Need understanding on a sentence based on limits. I am studying calculus where there is a sentence in my book which is,

The definition of limit asserts that the entire graph of f above the interval $$N_2(p)$$ lies within this rectangle, except possibly for the point on the graph above p itself.

I can't find any meaning from this sentence as a whole. I need assistance.
Here is the graph of the function.

 A: The main difficulty in trying to answer your question is that I don't know whether your difficulties are with English, or with math, or with some combination of both. That said, here's an attempt to discuss the meaning of the diagram.
There’s probably more context before the sentence you quoted (I don’t have a copy of Apostol’s Calculus book to investigate this), so I’m going to guess what was probably said before this.
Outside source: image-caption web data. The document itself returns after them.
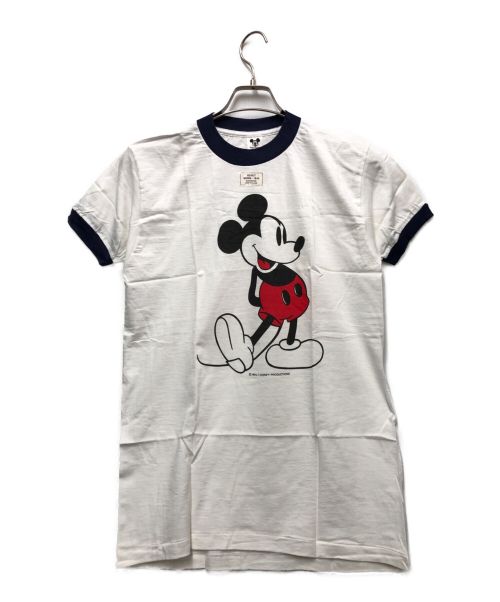 DISNEY（ディズニー）DISNEY (ディズニー) リンガーTシャツ ホワイト サイズ:M（38〜40）の古着・服飾アイテム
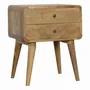 Night tables - Artisan Furniture Solid Wood Curved Oak-ish Nightstand, 2 Drawers, Beige - ARTISAN FURNITURE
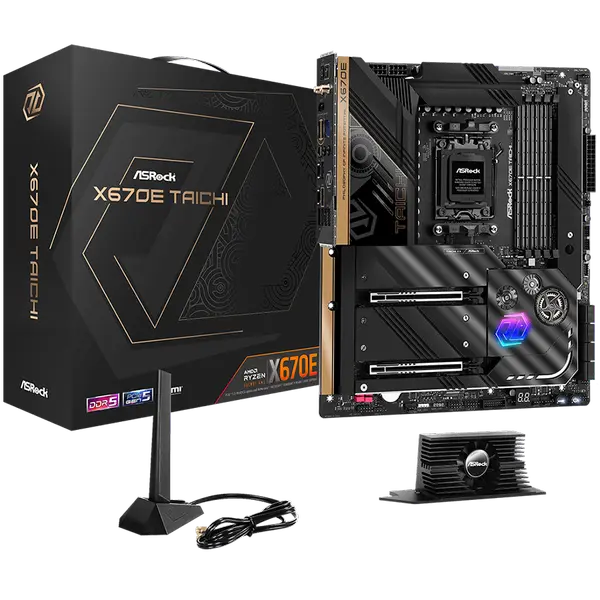 ASROCK MB Desktop X670E Taichi, AM5, 4x DDR5, 2x PCIe 5.0 x16, 8x SATA3, 3x Hyper M.2 (PCIe Gen4x4) - X670E TAICHI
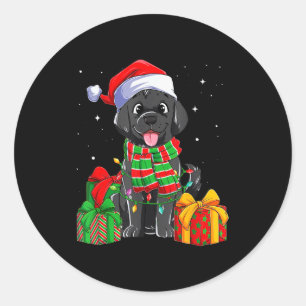 Schwarze Labrador Retriever Weihnachtslichter Xmas Runder Aufkleber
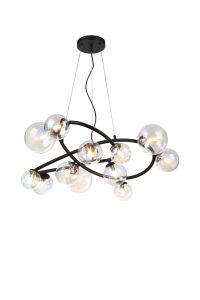 Monza 90cm Twisted Pendant, 12 x G9, Satin Black, Iridescent Plated Glass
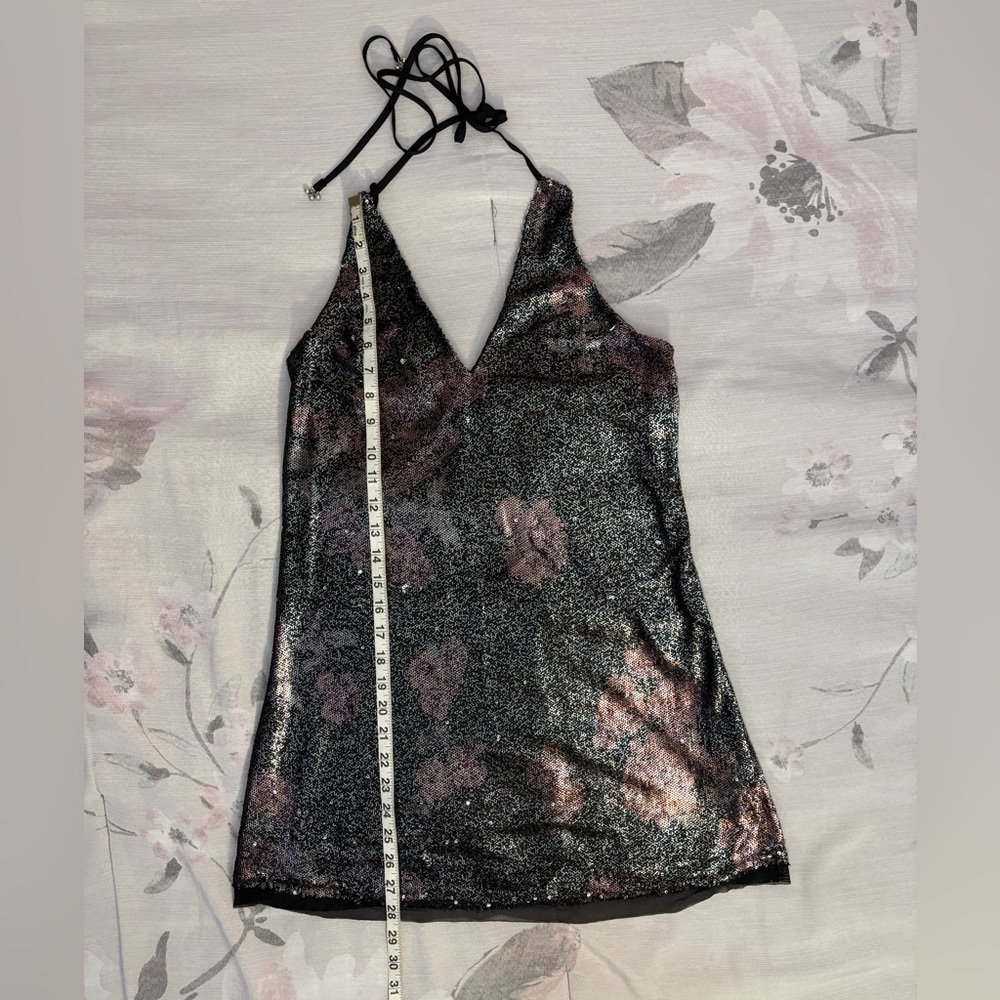 NWT Free People Double Take Sequin Mini Dress In Moody Floral Combo Sz XS - - Picture 10 of 15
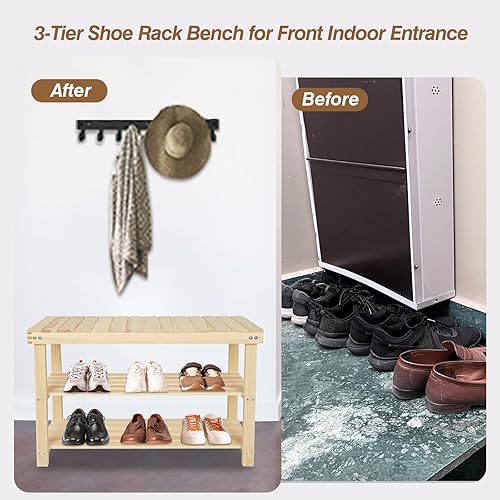 Miniatura 27 de ECOMEX Banco de entrada de 2 niveles con estante para zapatos, banco de almacenamiento de madera para pasillo, color natural, grande Color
You have a real-valued function $f(x)$ whose domain includes all points in an open interval containing $p,$ except possibly the point $p$ itself. Thus, while $f(p)$ might be undefined, we require that $f(x)$ is defined for all values of $x$ on both sides of $p$ that are sufficiently close to $p.$ For example, this requirement is satisfied if $f(x)$ exists for all values of $x$ such that $p - 0.0013 < x < p$ and $p < x < p + 0.0047.$
The assertion “the limit of $f(x)$ as $x \rightarrow p$ is equal to $A$” intuitively means that the graph of $y = f(x)$ comes together at the point $(p,A).$ That is, the portion of the graph lying on the left side of $x=p$ and the portion of the graph lying on the right side of $x=p$ join together at the point $(p,A).$ This can be rephrased in the following way. Imagine there is a vertical wall, infinitely high and infinitely low, that is erected on each side of the point $p.$ Now imagine moving both walls towards $p$ so that the distance between the walls gets smaller and smaller, without any positive lower limit (i.e. the walls get closer than $0.01$ apart, then closer than $0.001$ apart, then closer than $0.00073$ apart, etc.). (I'm reminded of the trash compactor scene in the first-made Star Wars movie.) The limit exists at $x=p$ means that the “vertical width” of the graph that lies between the walls also gets smaller and smaller, without any positive lower limit. That is, as you horizontally squeeze the graph together at $x=p,$ it must be the case that the graph is also vertically squeezed together. See this diagram for an example (limit doesn’t exist) in which the graph would NOT get vertically squeezed together in this manner.
In this discussion it is important to remember that the value of $f(p)$ is not considered, and in fact might not even exist. For example, for our purposes it does not matter if $(p,f(p))$ is very distant from $(p,A).$
Finally, to rephrase this even more precisely: Given any positive vertical distance $\epsilon,$ it is possible to choose a horizontal distance (this is a possible choice of $\delta$ in the $\epsilon$-$\delta$ definition of “limit”) between the walls so that the portion of the graph lying between the walls, except possibly the point $(p,f(p)),$ has a “vertical width” that is less than $\epsilon.$ In particular, the graph between the walls goes no higher than $A + \epsilon$ and the graph between the walls goes no lower than $A - \epsilon.$ (Keep in mind that the graph AT $x=p,$ namely the point $(p,f(p)),$ might be higher or lower than this.)
In the book’s diagram, the shaded interval on the $x$-axis indicates the values of $x$ corresponding to points on the graph that lie between the imagined vertical walls, and the shaded interval on the $y$-axis indicates the values of $y$ corresponding to points on the graph that lie between the imagined vertical walls. [Keep in mind that $p$ on the $x$-axis is not one of the $x$-values we have to worry about. That’s why in the diagram there is a circle in the graph at the point $(p,A)$ -- the circle shows where the graph tends to join together, while also indicating that we are not claiming that this point is actually on the graph.]
In the diagram, the limit of $f(x)$ as $x \rightarrow p$ is equal to $A$ means that no matter how vertically short we make the interval $N_1(A)$ on the $y$-axis (as long as $A$ lies within that open interval), we can find an interval $N_2(p)$ on the $x$-axis containing $p$ such that all the points on the graph corresponding to $x \in N_2(p)$ (except possibly $x=p)$ are such that they stay within the vertical bounds established by $N_1(A).$ In other words, all points on the graph corresponding to $x \in N_2(p)$ (except possibly $x=p)$ lie within the shaded rectangle shown in the diagram.